Retail will likely be the biggest loser. Many retailers (restaurants included), which were already struggling, will likely never reopen their doors. Those that do, will quickly discover that many of their customers are now unemployed and are only spending money on essentials. Underwriting retail deals will be tricky in this environment because there are so many unknowns when it comes to the behavior of consumer spending. Vacancy rates will likely increase dramatically. For the opportunistic real estate investor, with cash in hand and a long-term outlook, this could be a great buying opportunity. 

Hospitality

Hotels and short-term rentals will be hit hard. International travel will likely be impacted for at least the next 3 to 4 months. It will be some time before conferences and events with hundreds or thousands of attendees can go on. Domestic hospitality will likely recover more quickly, but there will still be plenty of pain. It will be interesting to see if short-term rentals are able to transition back to multifamily rentals where we are likely  to see greater demand as homes are foreclosed on. I suspect that many of the short-term rentals were underwritten with much higher ARRs (Average Room Rate) than a multifamily monthly rental so we will likely see an increase in short-term rental foreclosures. 

Office

The office sector will likely feel some pain, as many employers will likely realize that many of their employees are capable of working from home responsibly (and probably more productively). So it seems like there will be less demand for office space. Companies will likely downsize office space and have more “shared work spaces” .  That being said humans are social animals and 90% of our communication is non-verbal. We need human interaction to work efficiently. Remote work will likely be an occasional tool for us to use at most 2 or 3 times per week. 

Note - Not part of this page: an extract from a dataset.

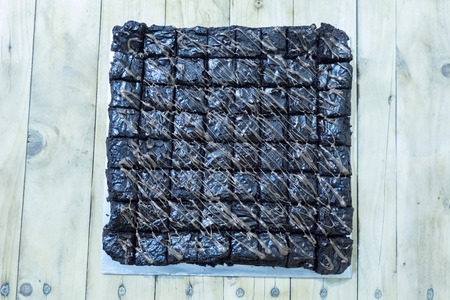 Brownies cake home made on the wooden table,visible noiseの写真素材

Multifamily & Self Storage

As people lose jobs and paychecks are cut, foreclosures are likely to increase.  Everyone needs a roof over their heads, so multifamily should do well as people look to downsize and cut expenses. But where will Americans put all their useless junk they rarely use? Self Storage. Both of these asset classes did well in the last recession and they will likely do the same in this downturn. 

Industrial

Covid-19 has forced most people to do their non-essential shopping online. This will have a direct impact on supply chain logistics of goods and the winner here is industrial. Retail’s loss will be e-commerce’s gain in the long run, with industrial investments looking more attractive as physical retail has been exposed during the Covid-19 pandemic.

Life after Covid-19

The longer social-distancing goes on the greater the negative impact it will have on our economy and real estate. Ironically, the longer social-distancing goes on the greater the positive impact it will probably have on urbanism. Hopefully, people will come to miss safer bike rides, spending more quality time with their families, going for walks and getting to know their neighbors.   

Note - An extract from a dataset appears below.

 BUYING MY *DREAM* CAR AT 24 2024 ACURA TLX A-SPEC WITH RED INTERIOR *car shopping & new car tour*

So when will social distancing end? It all comes down to how many deaths we as a society are willing to deem acceptable. As “The Donald” stated  every year 40,000 people are killed in motor vehicle crashes (a pandemic in its own right). Many of these crashes are preventable if we designed roads that prioritized safety of all users rather than moving motor vehicles quickly.  Many Coronavirus deaths can also be prevented if we prioritize social distancing over opening up the economy quickly. As a society we are willing to turn a blind eye to the 40,000 people that are killed every year and the hundreds of thousands of people that are critically injured in motor-vehicle crashes. Is our priority saving lives or saving the economy?  My guess is that at some point we will prioritize the economy. This will probably happen sooner rather than later. Hopefully we won’t forget about all the good that has come out of social distancing and the quick and positive impact it has had on urbanism, even if it was only for a couple of short months.